In August, 2010, 285 students enrolled in KIPP. In October, 81% of its students were low-income, and 11.6% were on special education IEPs. By the spring, however, only 226 remained to be tested, which represented the loss of 1/5th of the students. Ten students, or 10% of the tested students, were alternatively assessed, meaning that they were on special education IEPs. So, at first glance, KIPP’s claim to accept the “same” students would seem to be an exaggeration, but it could not be seen as irrational. But, what did the other grades look like?

By 8th grade in 2011, however only 32 students were tested, and only 22 of them were eligible for free and reduced lunch! Only three special education students remained to be tested. And this was not an unusual year. The Blue Ribbon application provides data for 2006 through 2011, and it reveals a clear pattern. During those years, on average of nine 5th graders were on IEPs. By 8th grade the average number of tested IEP students was 1.4%! From FY2007 to FY2011, KIPP did not report a single 7th or 8th grade student on an IEP who passed an end-of-the-year math or reading test.

The next year, however, this attrition story got even worse. Using data from the Office of Civil Rights on FY 2011-2012, the Center for Civil Rights Remedies’ “Charter Schools, Civil Rights, and School Discipline” listed OKC’s KIPP as the charter school with the nation’s 3rd highest percentage of black suspensions.

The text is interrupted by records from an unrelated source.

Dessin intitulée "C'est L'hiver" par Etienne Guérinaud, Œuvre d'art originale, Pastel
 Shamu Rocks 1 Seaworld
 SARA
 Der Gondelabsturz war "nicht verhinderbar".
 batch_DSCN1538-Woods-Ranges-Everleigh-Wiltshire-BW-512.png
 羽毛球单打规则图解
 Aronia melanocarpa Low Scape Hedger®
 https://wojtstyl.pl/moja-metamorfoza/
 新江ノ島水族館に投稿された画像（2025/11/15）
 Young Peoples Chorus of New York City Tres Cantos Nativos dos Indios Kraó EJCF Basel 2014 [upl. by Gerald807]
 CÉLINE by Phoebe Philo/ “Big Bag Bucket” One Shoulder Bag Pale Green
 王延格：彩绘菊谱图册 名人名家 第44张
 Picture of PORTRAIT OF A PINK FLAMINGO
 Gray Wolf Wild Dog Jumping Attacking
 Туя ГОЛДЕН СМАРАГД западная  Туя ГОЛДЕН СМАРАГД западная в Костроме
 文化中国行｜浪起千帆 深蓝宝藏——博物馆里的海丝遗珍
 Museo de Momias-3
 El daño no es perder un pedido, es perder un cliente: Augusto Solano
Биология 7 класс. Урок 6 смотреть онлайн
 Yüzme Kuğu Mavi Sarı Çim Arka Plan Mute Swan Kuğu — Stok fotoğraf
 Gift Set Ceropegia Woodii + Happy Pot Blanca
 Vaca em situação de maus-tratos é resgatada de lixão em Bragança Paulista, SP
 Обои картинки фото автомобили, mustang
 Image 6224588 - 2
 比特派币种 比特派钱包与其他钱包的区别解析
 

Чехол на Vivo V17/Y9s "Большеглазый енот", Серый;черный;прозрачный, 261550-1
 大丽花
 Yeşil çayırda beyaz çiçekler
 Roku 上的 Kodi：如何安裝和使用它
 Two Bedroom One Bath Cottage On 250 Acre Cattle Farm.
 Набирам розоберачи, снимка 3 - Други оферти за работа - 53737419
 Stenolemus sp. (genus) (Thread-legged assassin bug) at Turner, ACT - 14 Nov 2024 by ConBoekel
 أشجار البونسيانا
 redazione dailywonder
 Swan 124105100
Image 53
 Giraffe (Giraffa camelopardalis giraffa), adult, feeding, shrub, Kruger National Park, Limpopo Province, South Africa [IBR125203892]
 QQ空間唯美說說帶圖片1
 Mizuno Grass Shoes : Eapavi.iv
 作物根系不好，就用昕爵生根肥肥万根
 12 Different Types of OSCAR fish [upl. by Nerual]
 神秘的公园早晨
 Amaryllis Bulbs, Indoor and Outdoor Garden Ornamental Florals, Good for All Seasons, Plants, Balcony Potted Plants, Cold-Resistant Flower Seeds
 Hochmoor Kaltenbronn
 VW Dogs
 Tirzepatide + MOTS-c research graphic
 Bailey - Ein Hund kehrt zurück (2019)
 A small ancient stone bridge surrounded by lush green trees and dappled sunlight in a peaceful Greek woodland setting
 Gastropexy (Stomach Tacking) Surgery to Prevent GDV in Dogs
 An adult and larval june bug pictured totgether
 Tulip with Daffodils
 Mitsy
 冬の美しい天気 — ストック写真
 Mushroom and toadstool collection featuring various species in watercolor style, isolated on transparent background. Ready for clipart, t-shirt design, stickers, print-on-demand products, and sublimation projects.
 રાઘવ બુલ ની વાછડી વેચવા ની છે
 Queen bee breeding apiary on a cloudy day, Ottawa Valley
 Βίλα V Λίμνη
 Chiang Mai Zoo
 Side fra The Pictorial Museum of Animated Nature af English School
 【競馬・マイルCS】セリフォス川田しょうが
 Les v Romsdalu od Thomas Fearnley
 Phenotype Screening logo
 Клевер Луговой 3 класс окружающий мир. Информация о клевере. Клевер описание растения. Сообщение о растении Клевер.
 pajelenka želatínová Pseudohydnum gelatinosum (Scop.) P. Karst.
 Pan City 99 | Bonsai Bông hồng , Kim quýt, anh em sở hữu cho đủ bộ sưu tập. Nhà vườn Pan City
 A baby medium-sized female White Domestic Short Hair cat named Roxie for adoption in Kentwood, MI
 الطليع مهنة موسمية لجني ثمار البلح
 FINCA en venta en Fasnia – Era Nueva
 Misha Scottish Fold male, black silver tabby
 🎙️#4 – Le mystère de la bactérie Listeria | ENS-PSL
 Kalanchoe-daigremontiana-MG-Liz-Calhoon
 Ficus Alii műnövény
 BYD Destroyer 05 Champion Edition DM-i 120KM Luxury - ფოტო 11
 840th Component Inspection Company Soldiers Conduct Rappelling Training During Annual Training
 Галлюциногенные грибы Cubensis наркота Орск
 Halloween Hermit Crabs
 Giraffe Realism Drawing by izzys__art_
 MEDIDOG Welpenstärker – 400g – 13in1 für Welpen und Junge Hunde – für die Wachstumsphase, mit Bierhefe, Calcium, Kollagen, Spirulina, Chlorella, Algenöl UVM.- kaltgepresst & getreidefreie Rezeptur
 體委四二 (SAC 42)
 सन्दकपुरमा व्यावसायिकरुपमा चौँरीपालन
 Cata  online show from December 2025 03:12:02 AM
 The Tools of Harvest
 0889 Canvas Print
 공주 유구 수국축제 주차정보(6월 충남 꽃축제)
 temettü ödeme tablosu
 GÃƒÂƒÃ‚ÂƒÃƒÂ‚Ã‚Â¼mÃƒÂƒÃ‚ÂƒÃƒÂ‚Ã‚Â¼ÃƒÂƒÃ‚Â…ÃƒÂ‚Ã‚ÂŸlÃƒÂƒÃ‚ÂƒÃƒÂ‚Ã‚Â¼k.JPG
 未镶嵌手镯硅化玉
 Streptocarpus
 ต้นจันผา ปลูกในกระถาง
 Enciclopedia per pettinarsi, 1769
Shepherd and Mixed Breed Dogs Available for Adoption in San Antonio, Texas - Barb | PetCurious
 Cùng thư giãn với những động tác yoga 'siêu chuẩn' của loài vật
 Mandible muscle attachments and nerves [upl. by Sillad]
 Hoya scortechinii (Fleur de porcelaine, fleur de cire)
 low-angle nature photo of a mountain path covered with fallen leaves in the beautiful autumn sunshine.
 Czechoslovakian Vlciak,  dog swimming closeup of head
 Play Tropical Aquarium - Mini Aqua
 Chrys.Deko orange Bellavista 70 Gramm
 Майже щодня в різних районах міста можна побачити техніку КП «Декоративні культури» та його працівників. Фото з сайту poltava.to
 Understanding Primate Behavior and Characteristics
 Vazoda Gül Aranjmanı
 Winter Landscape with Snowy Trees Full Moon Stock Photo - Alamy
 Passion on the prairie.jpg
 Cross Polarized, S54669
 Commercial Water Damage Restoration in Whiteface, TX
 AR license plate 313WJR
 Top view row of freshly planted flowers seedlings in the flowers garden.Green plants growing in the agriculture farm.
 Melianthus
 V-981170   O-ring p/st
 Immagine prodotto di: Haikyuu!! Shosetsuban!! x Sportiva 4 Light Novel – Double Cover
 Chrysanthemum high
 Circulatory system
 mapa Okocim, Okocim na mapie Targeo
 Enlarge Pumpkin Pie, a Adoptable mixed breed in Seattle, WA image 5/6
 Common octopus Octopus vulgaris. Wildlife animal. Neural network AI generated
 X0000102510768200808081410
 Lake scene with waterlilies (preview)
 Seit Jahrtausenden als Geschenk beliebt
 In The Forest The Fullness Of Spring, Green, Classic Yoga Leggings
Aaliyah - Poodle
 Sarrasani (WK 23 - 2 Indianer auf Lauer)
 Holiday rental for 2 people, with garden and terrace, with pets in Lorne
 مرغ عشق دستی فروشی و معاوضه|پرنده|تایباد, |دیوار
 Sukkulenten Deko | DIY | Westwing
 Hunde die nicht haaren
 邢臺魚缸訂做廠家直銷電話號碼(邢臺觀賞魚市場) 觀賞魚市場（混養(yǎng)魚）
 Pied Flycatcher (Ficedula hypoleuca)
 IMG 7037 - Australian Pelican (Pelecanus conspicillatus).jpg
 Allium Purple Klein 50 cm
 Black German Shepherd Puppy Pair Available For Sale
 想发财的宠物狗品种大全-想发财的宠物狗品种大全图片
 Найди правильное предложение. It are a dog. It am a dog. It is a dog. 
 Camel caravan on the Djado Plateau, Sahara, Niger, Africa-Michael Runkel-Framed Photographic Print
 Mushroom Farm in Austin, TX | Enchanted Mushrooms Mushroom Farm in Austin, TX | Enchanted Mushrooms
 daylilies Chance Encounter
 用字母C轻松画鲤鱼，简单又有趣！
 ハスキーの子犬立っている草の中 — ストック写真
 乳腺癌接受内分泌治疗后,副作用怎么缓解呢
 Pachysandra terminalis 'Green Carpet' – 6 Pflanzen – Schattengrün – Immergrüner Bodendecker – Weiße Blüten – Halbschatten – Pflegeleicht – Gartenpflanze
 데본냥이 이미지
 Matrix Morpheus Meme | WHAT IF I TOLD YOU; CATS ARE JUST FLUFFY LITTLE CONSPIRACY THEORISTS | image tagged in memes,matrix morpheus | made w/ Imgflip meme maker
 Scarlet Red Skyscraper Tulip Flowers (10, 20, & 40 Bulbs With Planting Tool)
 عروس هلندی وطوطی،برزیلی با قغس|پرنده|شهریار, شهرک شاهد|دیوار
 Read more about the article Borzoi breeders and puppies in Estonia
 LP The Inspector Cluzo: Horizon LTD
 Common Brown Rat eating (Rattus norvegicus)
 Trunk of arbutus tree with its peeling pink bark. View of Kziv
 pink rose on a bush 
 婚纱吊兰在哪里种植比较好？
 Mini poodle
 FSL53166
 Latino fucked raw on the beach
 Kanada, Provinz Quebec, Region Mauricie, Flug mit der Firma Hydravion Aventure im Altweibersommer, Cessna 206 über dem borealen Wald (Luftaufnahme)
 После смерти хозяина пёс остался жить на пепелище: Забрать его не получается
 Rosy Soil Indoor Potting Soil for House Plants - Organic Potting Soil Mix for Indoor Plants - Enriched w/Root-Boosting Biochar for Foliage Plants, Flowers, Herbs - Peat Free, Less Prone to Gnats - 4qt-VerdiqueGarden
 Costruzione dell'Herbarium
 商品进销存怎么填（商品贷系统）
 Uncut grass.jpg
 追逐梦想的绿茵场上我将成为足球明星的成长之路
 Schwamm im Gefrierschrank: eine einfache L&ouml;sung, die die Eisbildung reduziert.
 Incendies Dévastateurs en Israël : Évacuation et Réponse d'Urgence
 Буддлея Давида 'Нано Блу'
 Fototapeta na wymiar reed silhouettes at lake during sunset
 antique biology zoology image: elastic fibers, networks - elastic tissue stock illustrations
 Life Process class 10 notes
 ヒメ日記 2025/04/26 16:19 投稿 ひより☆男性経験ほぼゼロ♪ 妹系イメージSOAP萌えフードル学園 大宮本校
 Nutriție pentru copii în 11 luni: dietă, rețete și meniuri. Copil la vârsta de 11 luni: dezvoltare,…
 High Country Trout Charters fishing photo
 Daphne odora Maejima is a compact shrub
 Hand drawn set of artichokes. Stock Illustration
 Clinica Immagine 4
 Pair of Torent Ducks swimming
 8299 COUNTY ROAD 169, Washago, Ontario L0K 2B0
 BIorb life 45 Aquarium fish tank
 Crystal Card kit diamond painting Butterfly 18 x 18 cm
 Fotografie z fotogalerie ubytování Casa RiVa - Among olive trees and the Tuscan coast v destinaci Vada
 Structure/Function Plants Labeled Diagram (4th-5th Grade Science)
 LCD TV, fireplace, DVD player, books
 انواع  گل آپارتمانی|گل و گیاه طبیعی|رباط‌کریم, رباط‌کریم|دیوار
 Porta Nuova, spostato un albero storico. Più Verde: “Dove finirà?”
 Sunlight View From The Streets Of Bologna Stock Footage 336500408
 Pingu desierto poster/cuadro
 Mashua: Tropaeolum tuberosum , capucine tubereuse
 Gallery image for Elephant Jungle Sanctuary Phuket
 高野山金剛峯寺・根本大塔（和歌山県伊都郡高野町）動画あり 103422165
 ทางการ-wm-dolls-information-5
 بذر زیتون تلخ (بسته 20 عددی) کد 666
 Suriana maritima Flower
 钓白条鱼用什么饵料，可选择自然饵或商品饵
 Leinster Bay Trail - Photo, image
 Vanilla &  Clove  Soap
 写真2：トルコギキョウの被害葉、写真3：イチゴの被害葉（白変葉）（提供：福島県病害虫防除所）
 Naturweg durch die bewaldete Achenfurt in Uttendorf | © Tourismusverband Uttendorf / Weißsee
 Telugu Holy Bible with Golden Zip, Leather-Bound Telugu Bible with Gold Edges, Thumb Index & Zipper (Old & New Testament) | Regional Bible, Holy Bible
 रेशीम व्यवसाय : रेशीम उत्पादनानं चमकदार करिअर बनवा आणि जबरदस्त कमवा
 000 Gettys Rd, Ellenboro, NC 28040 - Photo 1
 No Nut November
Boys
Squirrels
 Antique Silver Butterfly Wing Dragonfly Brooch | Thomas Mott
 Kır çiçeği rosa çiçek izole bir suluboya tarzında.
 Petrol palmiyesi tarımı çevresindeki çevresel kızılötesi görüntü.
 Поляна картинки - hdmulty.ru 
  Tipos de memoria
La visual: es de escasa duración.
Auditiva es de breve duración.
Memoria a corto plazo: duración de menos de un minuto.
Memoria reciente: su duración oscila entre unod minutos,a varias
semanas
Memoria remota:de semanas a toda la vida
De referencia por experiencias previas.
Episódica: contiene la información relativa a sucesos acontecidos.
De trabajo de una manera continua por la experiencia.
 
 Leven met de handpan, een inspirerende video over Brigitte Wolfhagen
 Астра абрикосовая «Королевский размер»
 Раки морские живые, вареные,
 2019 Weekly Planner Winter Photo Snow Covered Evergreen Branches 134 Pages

KIPP now claims that it made a reporting error, and that it actually suspended 45%, not 71% of its black students. However, KIPP has not questioned the OCR’s report that 100% of KIPP’s special education students were suspended that year (for a 126% suspension rate), as six of that small cohort was expelled; half of the students who were arrested were on IEPs.

Charter Schools, Civil Rights and School Discipline: A Comprehensive Review — The Civil Rights Project at UCLA

By the way, there is an interesting epilogue to those two years. In 2012, KIPP’s normative attrition rate of 15% to 18% rose to 26%. Given the secrecy of KIPP’s effort to expand dramatically and to participate in a mass charterization campaign in Oklahoma City, the chronology is confusing, but at some point KIPP set a goal of reducing its black suspension rate to 25%. So, it doesn’t seem to be a coincidence that KIPP changed from a school which typically had a low-income rate exceeding 80%, which reported that 9% to 13% of incoming students were on IEPs, to one that starts the year as a 70% to 77% low-income school where as few as 5.6% of students are on IEPs. I guess that KIPP decided that if it couldn’t be so free to push out higher-challenge students that it should avoid enrolling them at the beginning.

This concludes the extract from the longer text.